WORKING DATA START
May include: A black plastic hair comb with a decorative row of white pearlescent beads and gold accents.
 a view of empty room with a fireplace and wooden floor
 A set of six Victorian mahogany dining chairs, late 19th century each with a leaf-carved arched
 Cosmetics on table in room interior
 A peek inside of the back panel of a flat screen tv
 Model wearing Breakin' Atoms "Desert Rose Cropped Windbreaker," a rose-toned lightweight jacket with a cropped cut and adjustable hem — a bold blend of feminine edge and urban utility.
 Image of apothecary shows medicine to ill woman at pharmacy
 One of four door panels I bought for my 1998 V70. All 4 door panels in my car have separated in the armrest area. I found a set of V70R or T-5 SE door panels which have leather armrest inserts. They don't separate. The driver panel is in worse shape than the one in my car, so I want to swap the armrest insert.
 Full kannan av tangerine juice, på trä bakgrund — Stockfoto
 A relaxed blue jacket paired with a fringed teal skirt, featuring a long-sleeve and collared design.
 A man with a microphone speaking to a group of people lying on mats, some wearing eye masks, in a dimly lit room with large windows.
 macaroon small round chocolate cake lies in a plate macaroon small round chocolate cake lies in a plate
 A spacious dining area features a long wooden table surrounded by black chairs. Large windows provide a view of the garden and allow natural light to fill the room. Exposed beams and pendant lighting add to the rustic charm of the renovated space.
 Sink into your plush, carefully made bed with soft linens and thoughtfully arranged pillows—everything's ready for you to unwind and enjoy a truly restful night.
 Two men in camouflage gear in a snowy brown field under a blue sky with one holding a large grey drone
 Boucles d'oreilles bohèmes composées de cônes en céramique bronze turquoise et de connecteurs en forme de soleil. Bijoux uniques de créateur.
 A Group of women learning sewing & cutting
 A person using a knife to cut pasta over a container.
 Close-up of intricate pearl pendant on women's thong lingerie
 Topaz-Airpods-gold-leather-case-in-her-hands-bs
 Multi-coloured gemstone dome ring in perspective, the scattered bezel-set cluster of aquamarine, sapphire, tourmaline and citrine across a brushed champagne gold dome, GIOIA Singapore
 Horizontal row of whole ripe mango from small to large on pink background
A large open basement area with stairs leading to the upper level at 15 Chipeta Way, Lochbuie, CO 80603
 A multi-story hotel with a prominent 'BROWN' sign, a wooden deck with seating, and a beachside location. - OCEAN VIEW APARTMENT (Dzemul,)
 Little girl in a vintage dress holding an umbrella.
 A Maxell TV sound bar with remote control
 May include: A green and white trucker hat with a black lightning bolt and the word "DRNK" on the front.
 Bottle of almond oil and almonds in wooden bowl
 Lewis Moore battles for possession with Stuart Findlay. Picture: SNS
WORKING DATA END
■ **TASK REQUIREMENTS**
Everything from the line containing "Bottle of almond" to the final line of the entries above should be output exactly, and nothing more.

■ **OUTPUT OF THE TASK**
 Bottle of almond oil and almonds in wooden bowl
 Lewis Moore battles for possession with Stuart Findlay. Picture: SNS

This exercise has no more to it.